*** Records ***
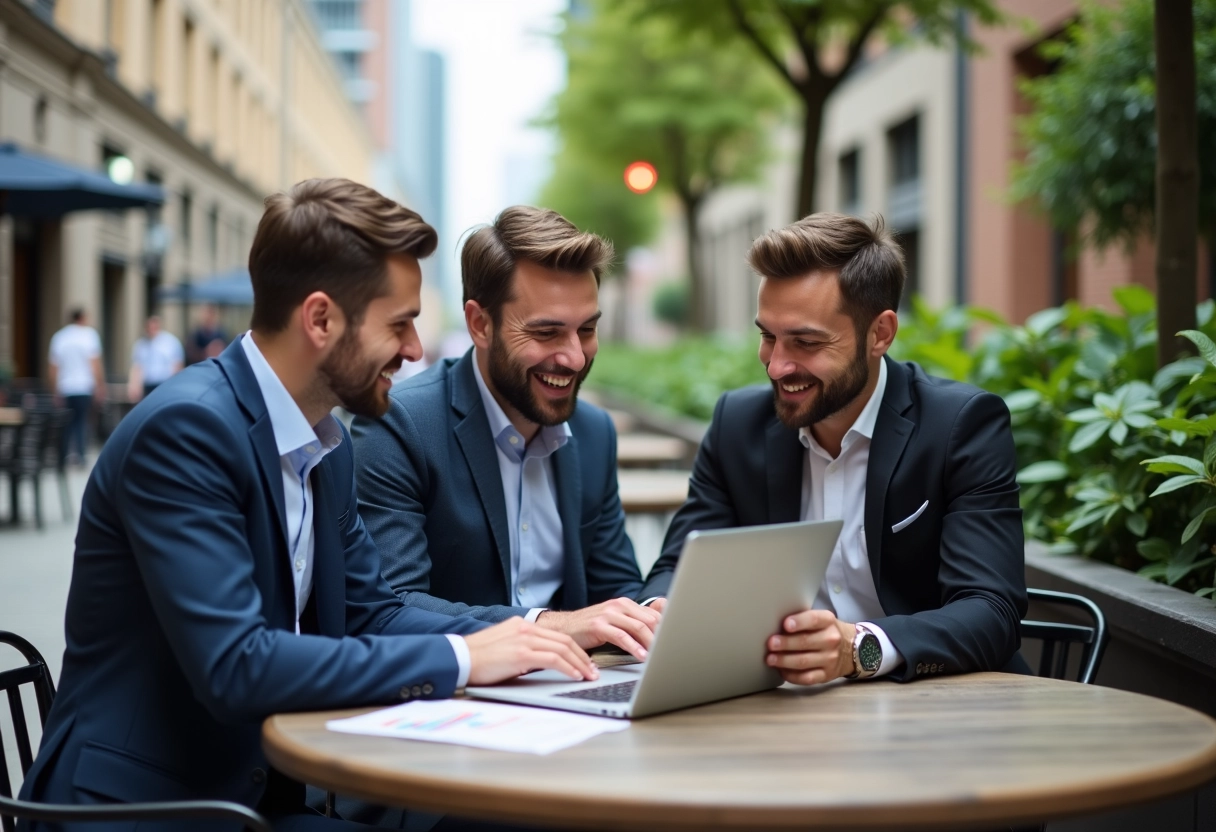 Groupe de trois personnes discutant autour de graphiques financiers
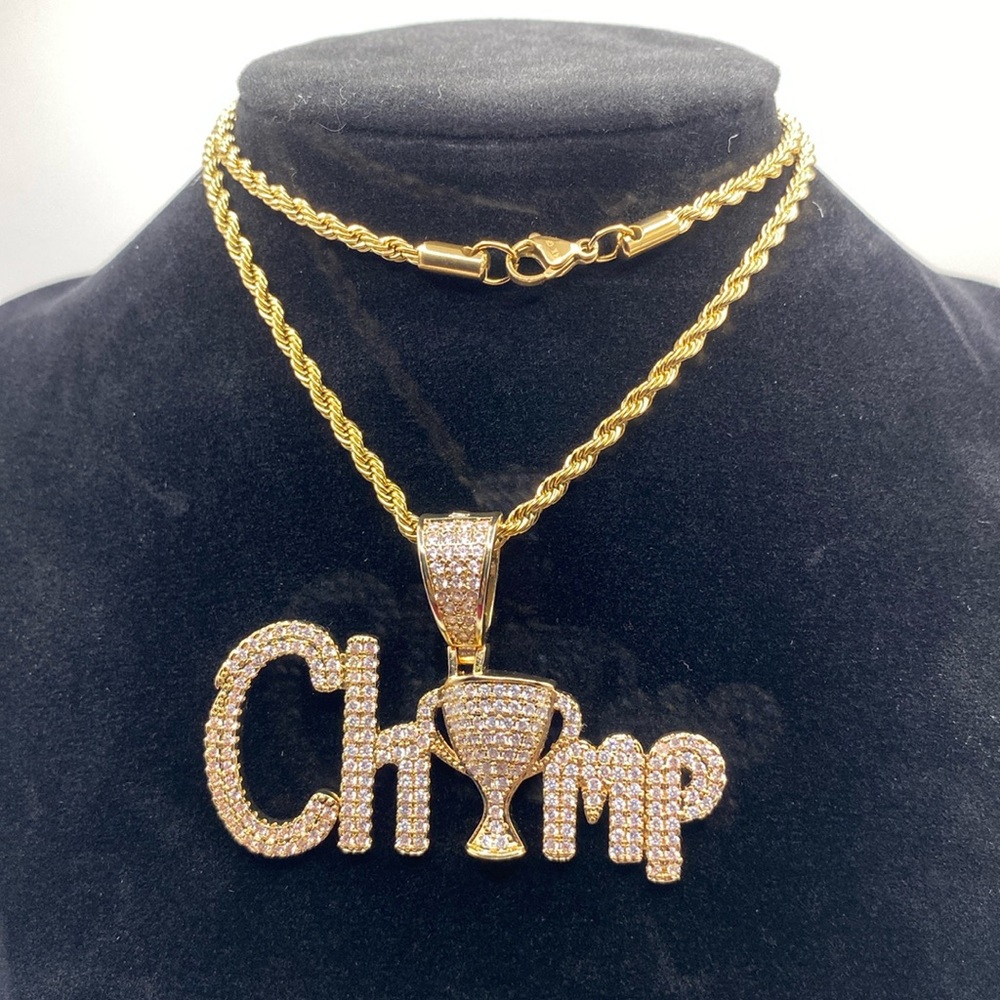 Champ | 14k Gold | High End CZ Pendant w 20’ Gold Rope Chain
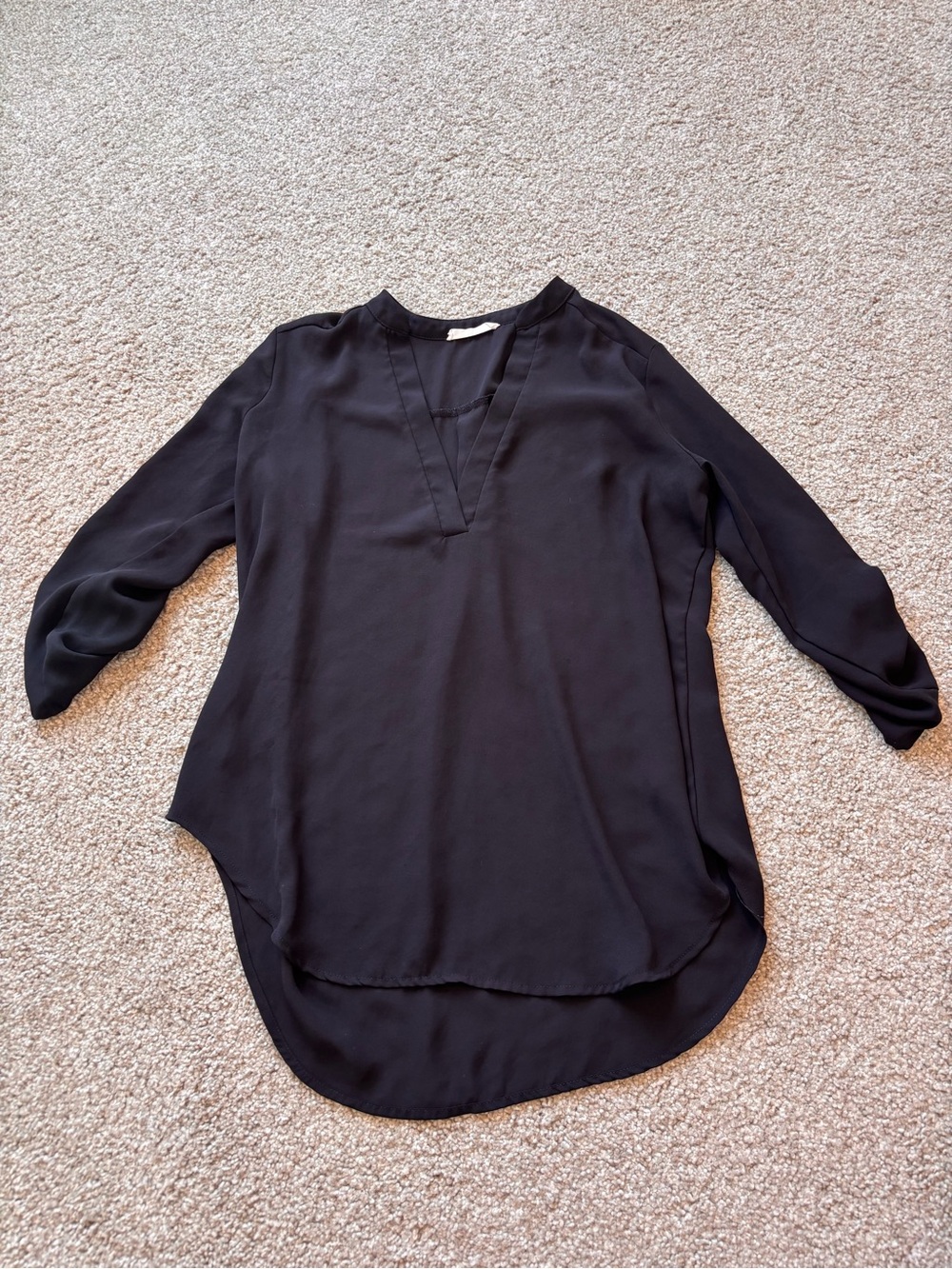 Lush Black V-Neck Long Sleeve Blouse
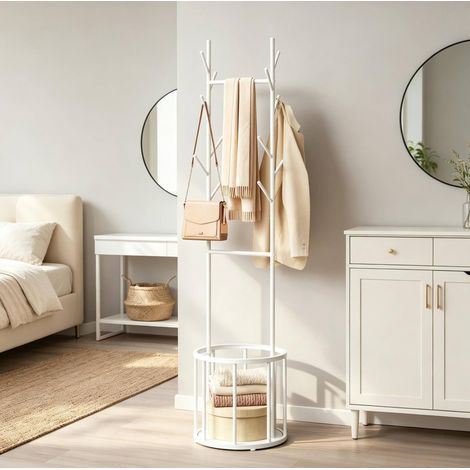 Portemanteau sur pied 41 x 41 x 175 cm en métal blanc avec panier de rangement - CHICFURN (1/4)
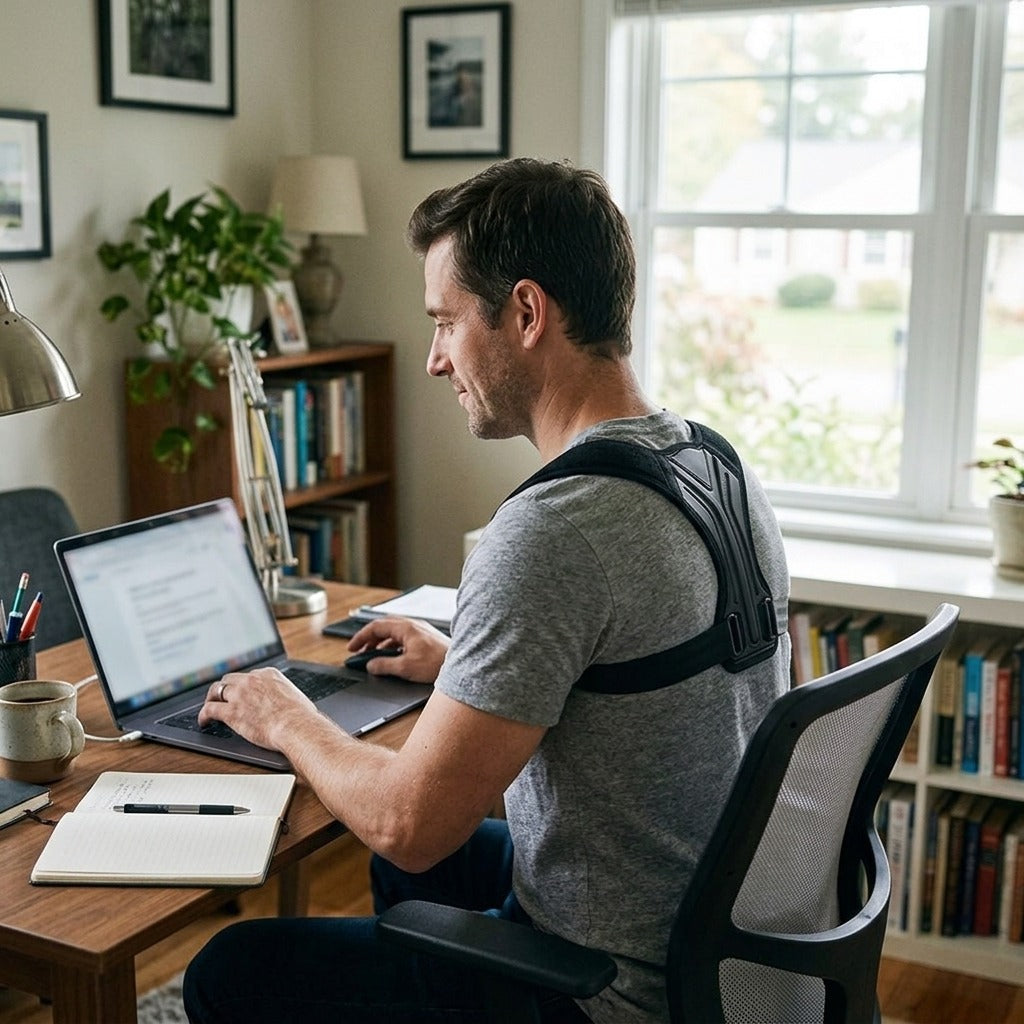 Adjustable Back and Shoulder Posture Corrector - in everyday life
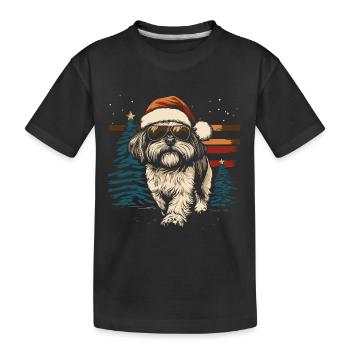 Cool Shi Tzu Christmas - Kids' Premium Organic T-Shirt - black - Front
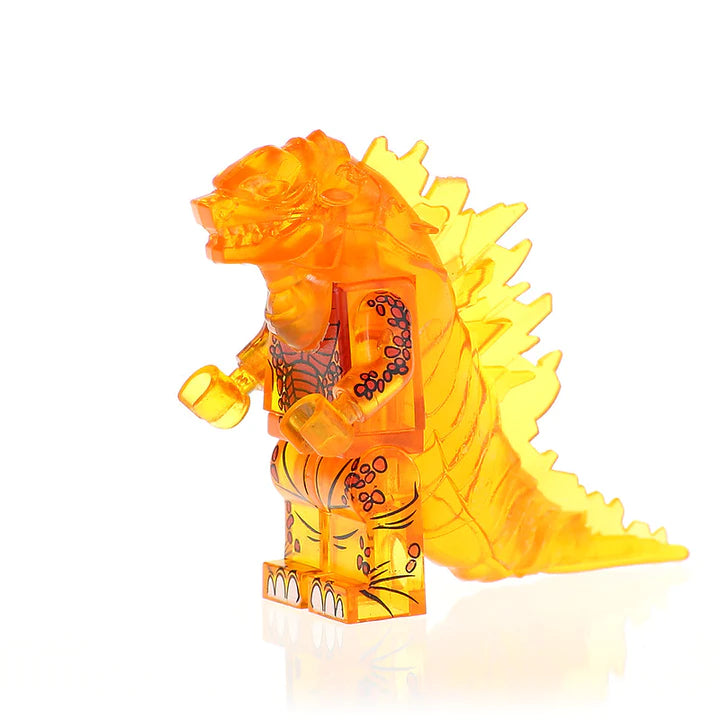 Trans-Orange Lava Godzilla Minifig - LEGO Compatible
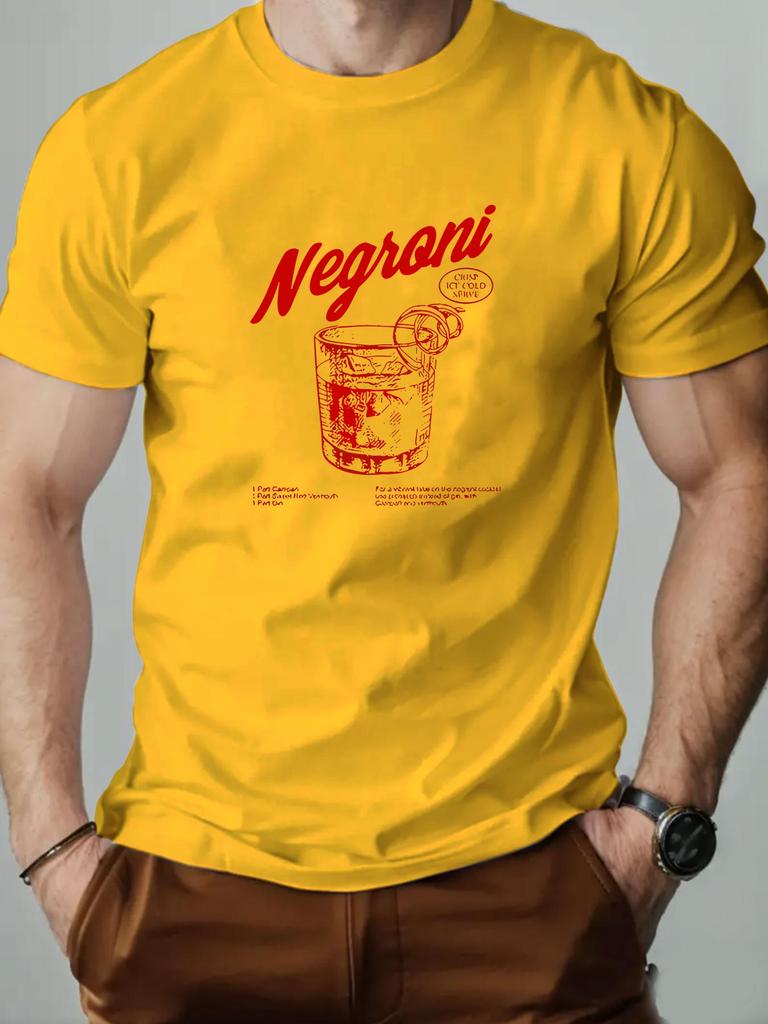 2025 New Mens Cotton Short Sleeve Tshirt Negroni Cocktail Graphic Print Black Casual Fashion Top For Daily  Party Wear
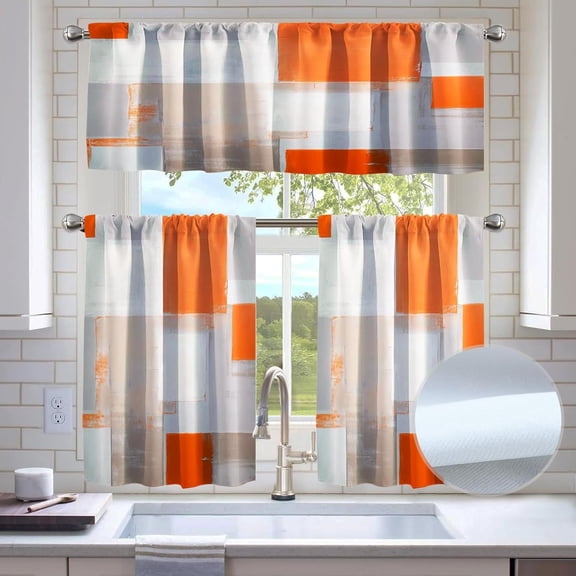 Orange Brown Kitchen Window Tier Curtains and Valance Set, 36 Inch Abstract Art Window Curtains Set with Rod Pocket for Small Windows, Living Room or Bathroom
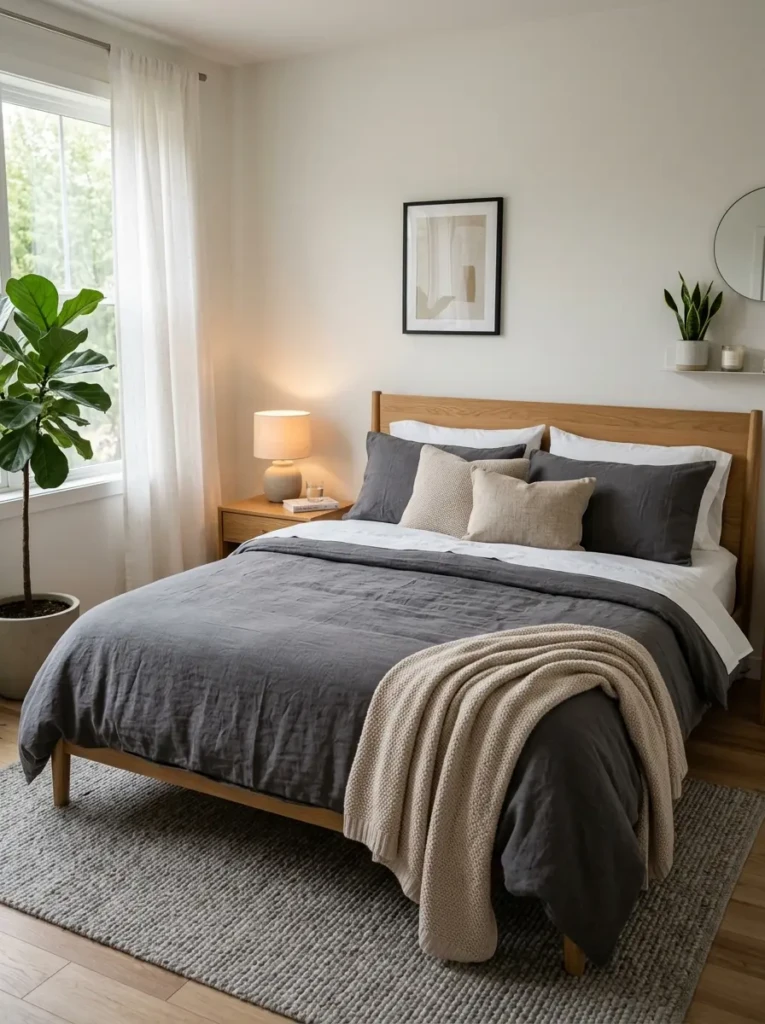 A modern bedroom featuring grey bedding, white sheets, and neutral cushions for an effortless and cohesive look.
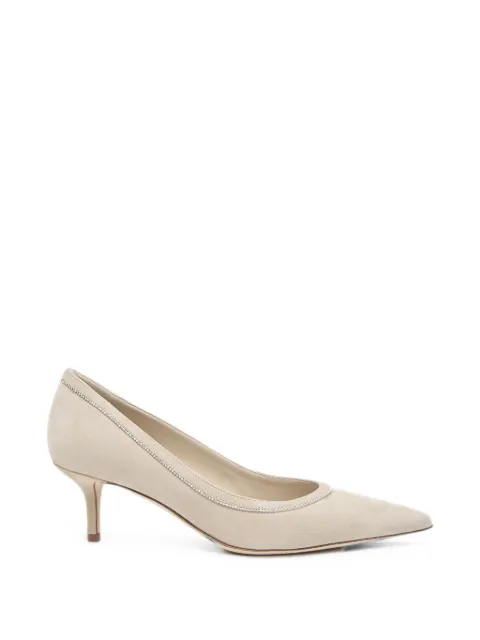 Peserico monili-chain suede heeled pumps Neutrals A39751C0RCC869
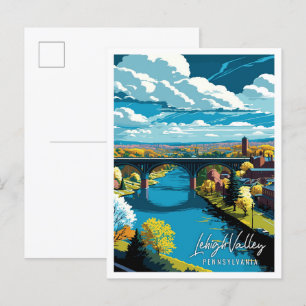 Lehigh Valley Pennsylvania USA vintage travel Postcard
*** End of Records ***
Beginning at the line containing "Peserico monili-chain suede", restate every line through the end of the material above exactly; omit the pictures.

 Peserico monili-chain suede heeled pumps Neutrals A39751C0RCC869
 Lehigh Valley Pennsylvania USA vintage travel Postcard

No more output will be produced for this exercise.